▶ **What you are asked to do**
Using the data below, restate exactly every line from the one with "900 79th Street" up to and including the one with "tufão castiga as". No picture belongs in it.

[Records from a data collection]
+ + + + +
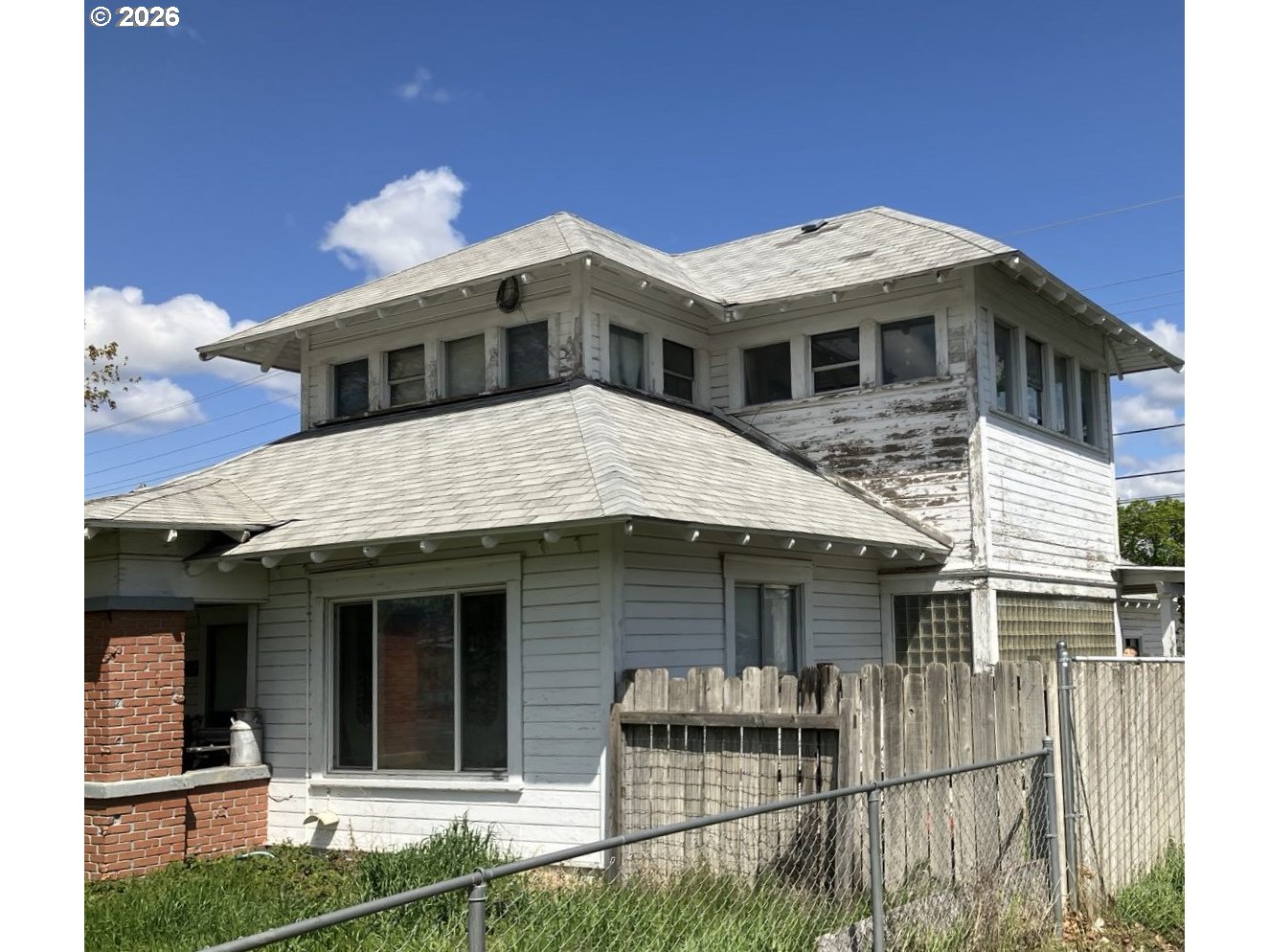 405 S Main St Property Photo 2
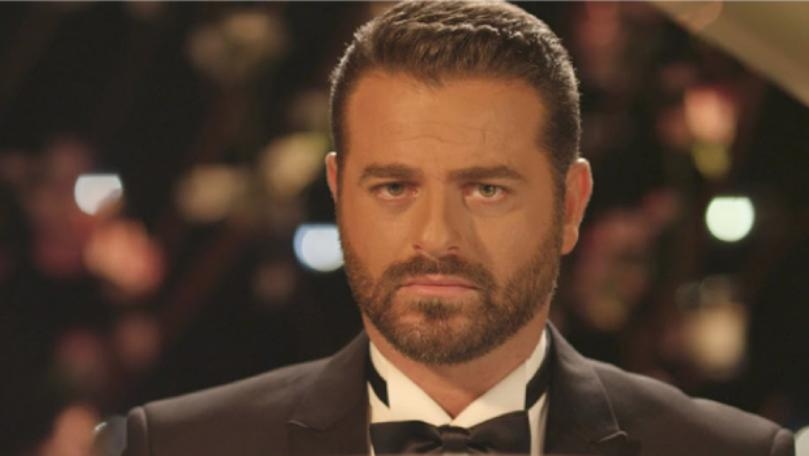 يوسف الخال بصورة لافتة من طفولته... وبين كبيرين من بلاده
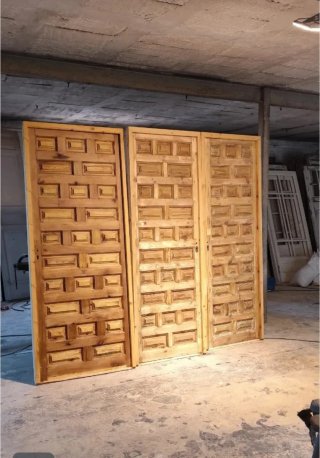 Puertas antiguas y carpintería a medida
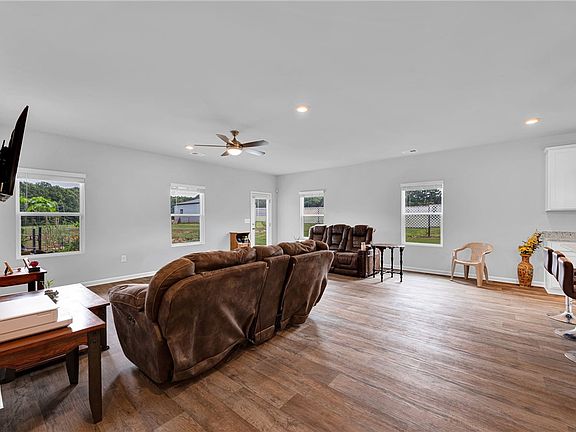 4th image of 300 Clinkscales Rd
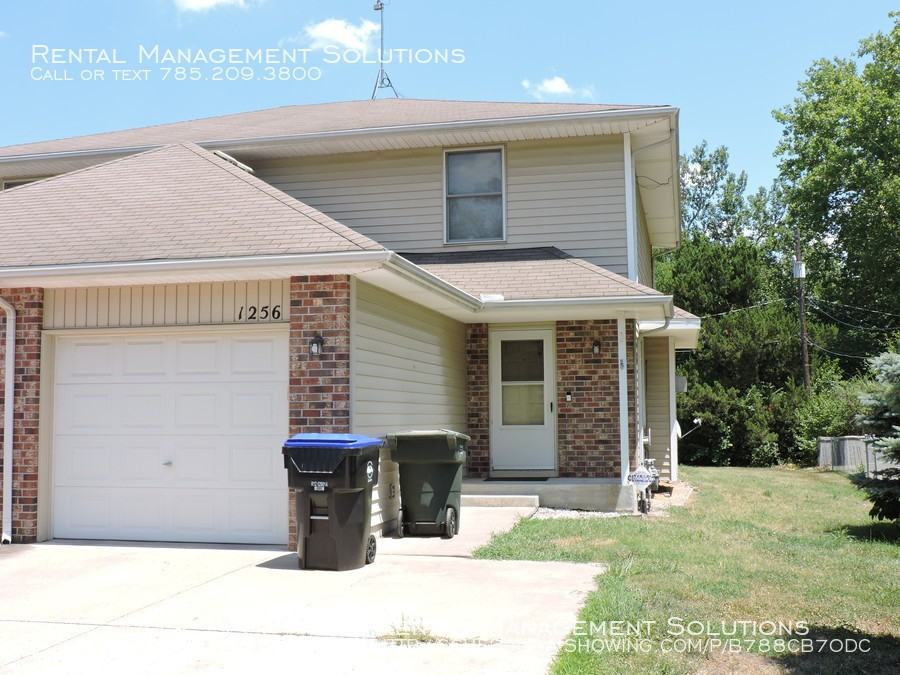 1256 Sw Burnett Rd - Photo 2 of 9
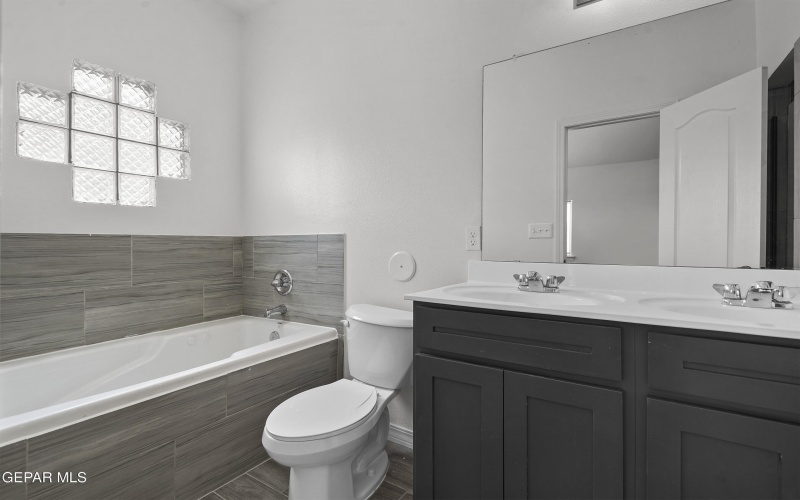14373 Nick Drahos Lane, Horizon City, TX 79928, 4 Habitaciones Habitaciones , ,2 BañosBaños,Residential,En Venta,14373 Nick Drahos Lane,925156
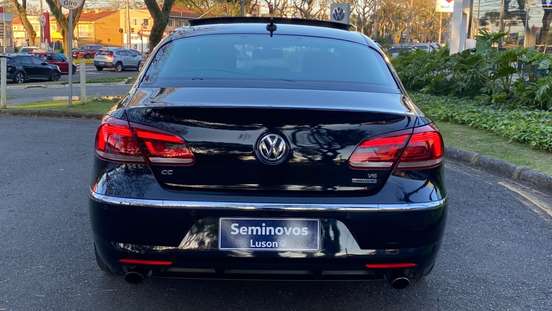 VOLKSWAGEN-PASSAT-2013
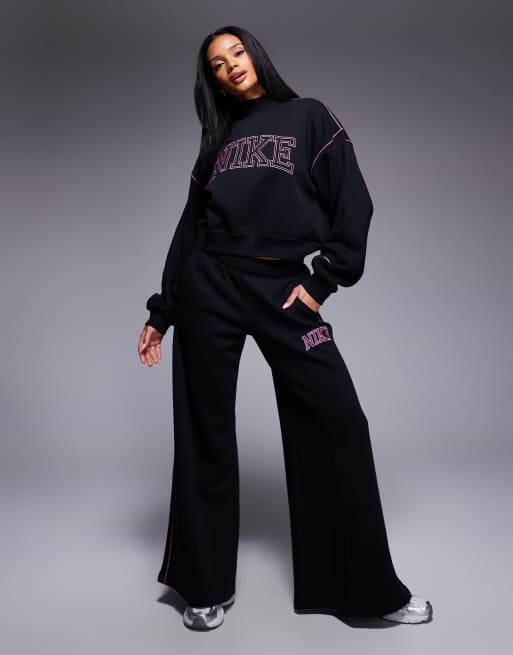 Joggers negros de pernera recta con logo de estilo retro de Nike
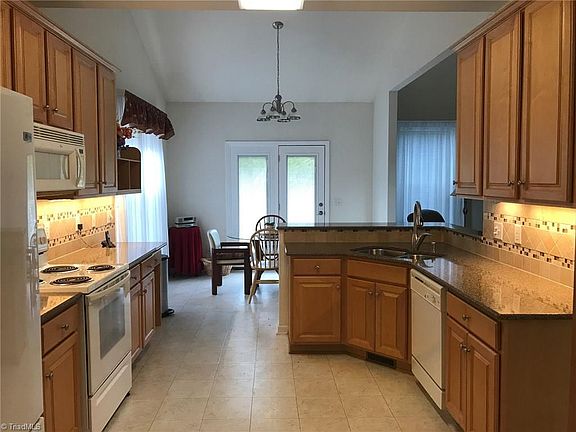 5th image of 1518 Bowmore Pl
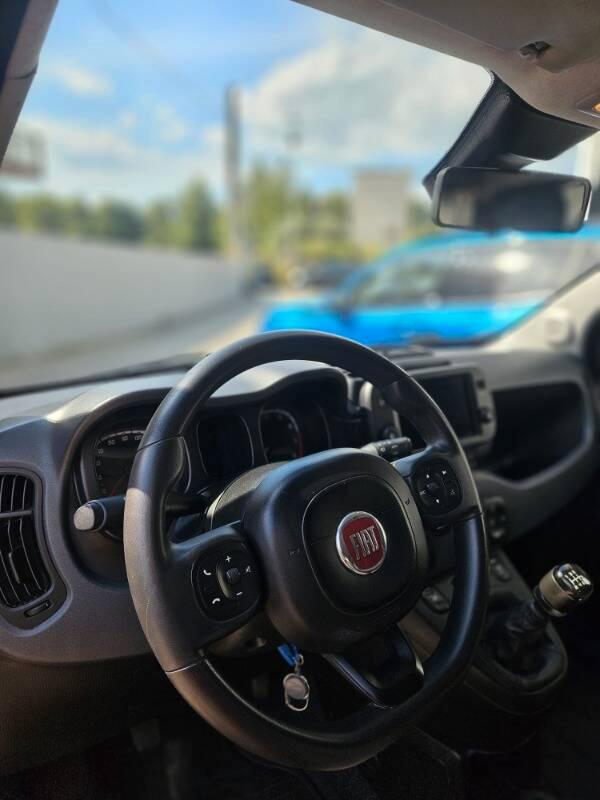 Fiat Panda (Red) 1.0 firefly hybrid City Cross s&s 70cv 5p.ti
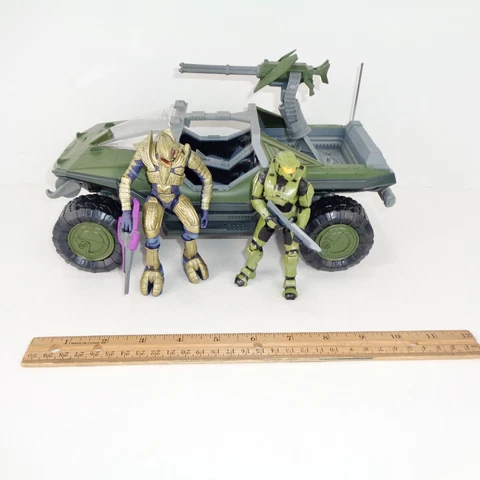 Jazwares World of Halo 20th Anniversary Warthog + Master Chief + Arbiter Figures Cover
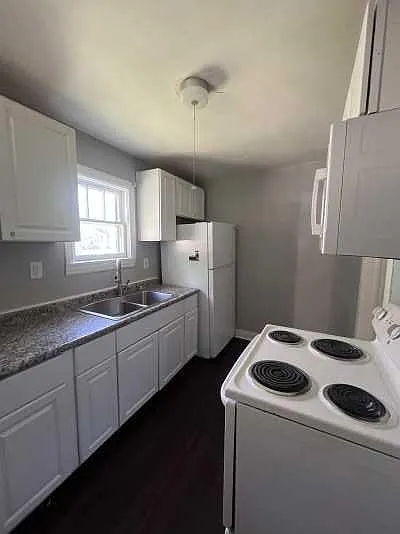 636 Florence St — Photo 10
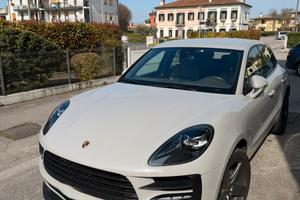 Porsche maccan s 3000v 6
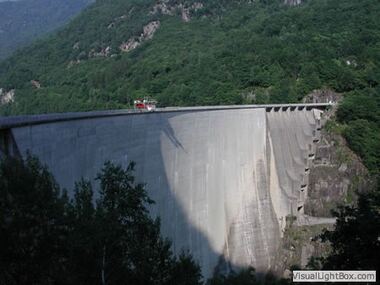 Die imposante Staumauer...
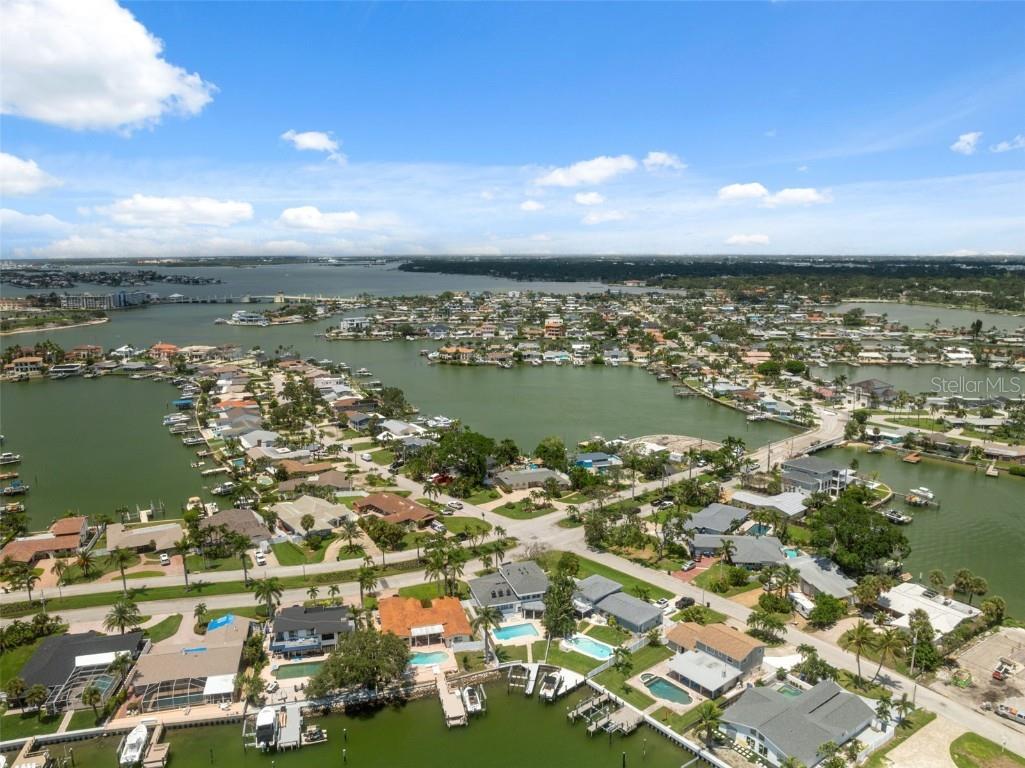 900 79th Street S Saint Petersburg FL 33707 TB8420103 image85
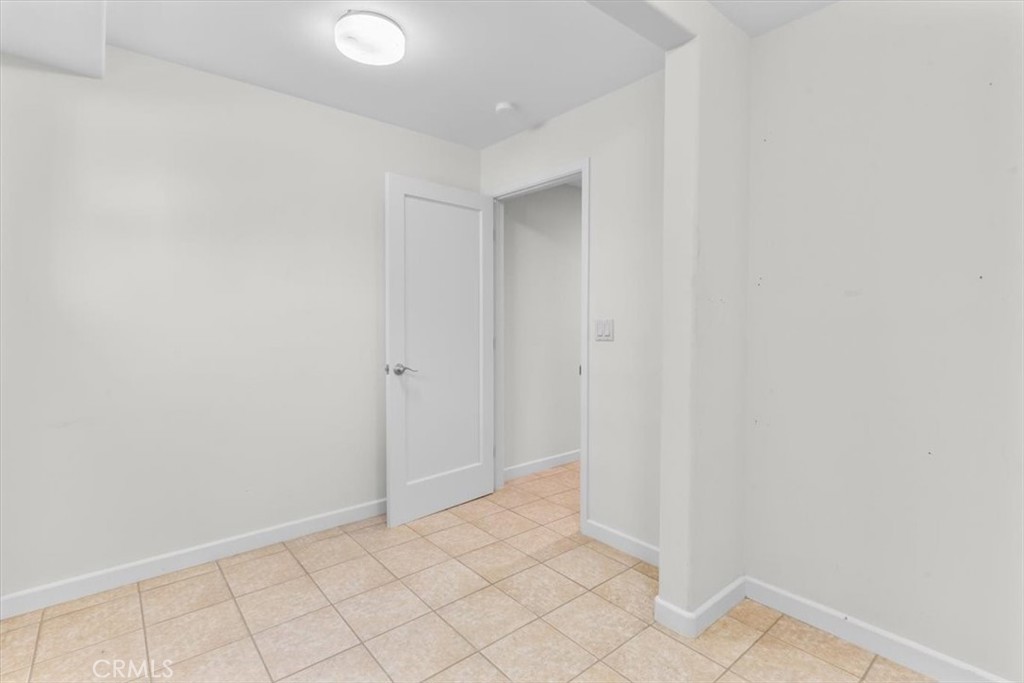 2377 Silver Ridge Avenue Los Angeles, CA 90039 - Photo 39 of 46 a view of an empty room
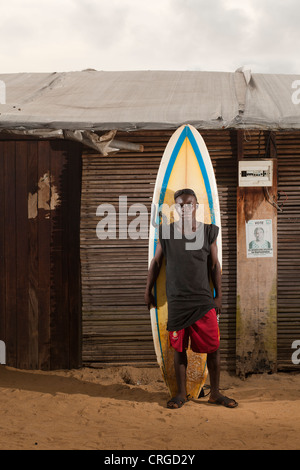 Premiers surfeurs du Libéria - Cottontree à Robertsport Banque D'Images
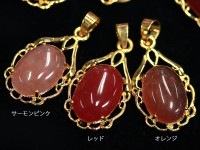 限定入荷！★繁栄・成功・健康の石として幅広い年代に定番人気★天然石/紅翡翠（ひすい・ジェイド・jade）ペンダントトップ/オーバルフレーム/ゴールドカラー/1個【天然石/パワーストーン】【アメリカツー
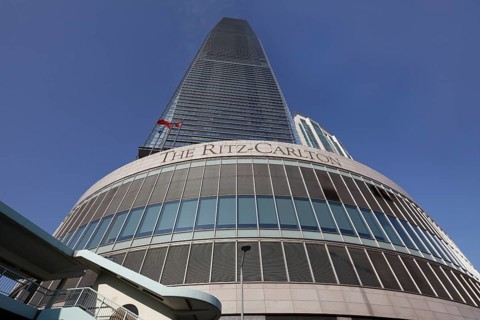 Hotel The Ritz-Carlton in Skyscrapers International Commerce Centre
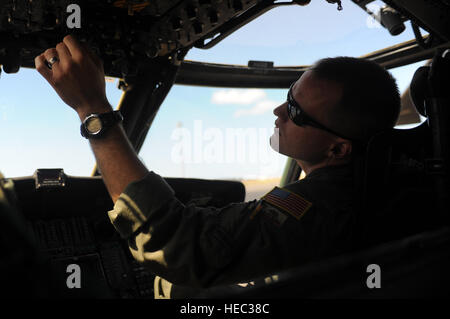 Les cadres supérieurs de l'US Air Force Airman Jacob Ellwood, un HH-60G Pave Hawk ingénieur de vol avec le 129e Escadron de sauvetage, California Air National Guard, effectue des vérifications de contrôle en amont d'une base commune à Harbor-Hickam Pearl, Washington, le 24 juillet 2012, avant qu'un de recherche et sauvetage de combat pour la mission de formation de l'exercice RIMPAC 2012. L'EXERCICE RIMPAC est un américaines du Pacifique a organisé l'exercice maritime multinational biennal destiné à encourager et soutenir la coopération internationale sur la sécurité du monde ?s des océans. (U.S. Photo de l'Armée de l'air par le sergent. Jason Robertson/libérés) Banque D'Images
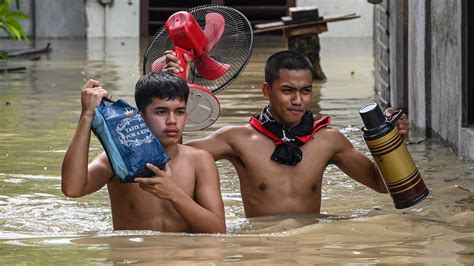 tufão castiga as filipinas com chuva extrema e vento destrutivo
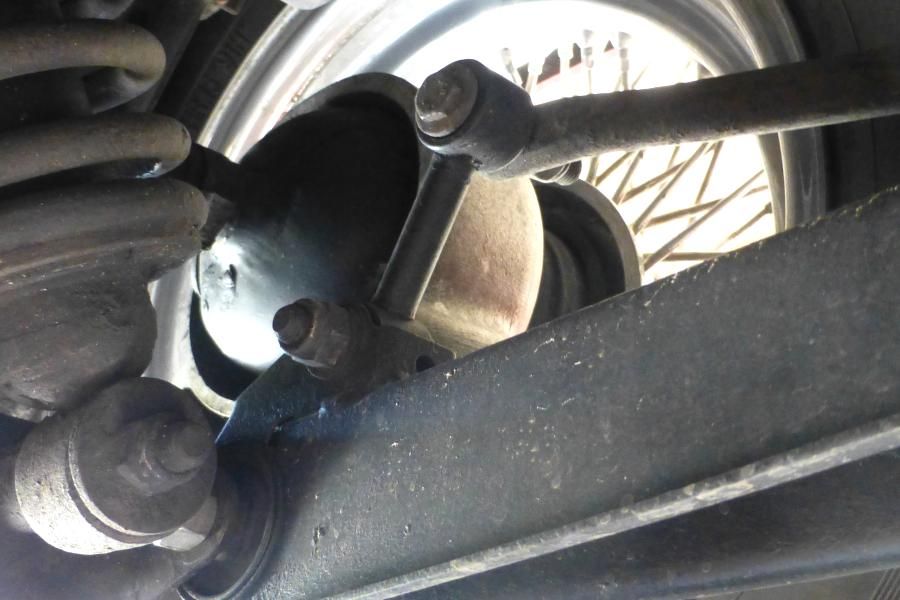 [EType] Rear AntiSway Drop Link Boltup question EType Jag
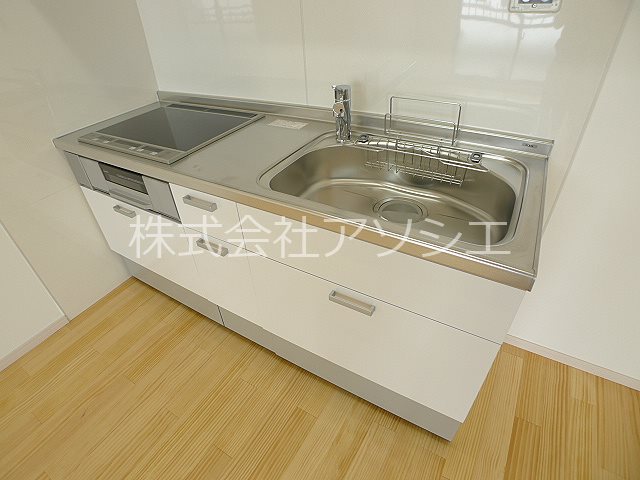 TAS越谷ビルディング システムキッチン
+ + + + +
▶ **Reply to the exercise**
 900 79th Street S Saint Petersburg FL 33707 TB8420103 image85
 2377 Silver Ridge Avenue Los Angeles, CA 90039 - Photo 39 of 46 a view of an empty room
 Premiers surfeurs du Libéria - Cottontree à Robertsport Banque D'Images
 限定入荷！★繁栄・成功・健康の石として幅広い年代に定番人気★天然石/紅翡翠（ひすい・ジェイド・jade）ペンダントトップ/オーバルフレーム/ゴールドカラー/1個【天然石/パワーストーン】【アメリカツー
 Hotel The Ritz-Carlton in Skyscrapers International Commerce Centre
 Les cadres supérieurs de l'US Air Force Airman Jacob Ellwood, un HH-60G Pave Hawk ingénieur de vol avec le 129e Escadron de sauvetage, California Air National Guard, effectue des vérifications de contrôle en amont d'une base commune à Harbor-Hickam Pearl, Washington, le 24 juillet 2012, avant qu'un de recherche et sauvetage de combat pour la mission de formation de l'exercice RIMPAC 2012. L'EXERCICE RIMPAC est un américaines du Pacifique a organisé l'exercice maritime multinational biennal destiné à encourager et soutenir la coopération internationale sur la sécurité du monde ?s des océans. (U.S. Photo de l'Armée de l'air par le sergent. Jason Robertson/libérés) Banque D'Images
 tufão castiga as filipinas com chuva extrema e vento destrutivo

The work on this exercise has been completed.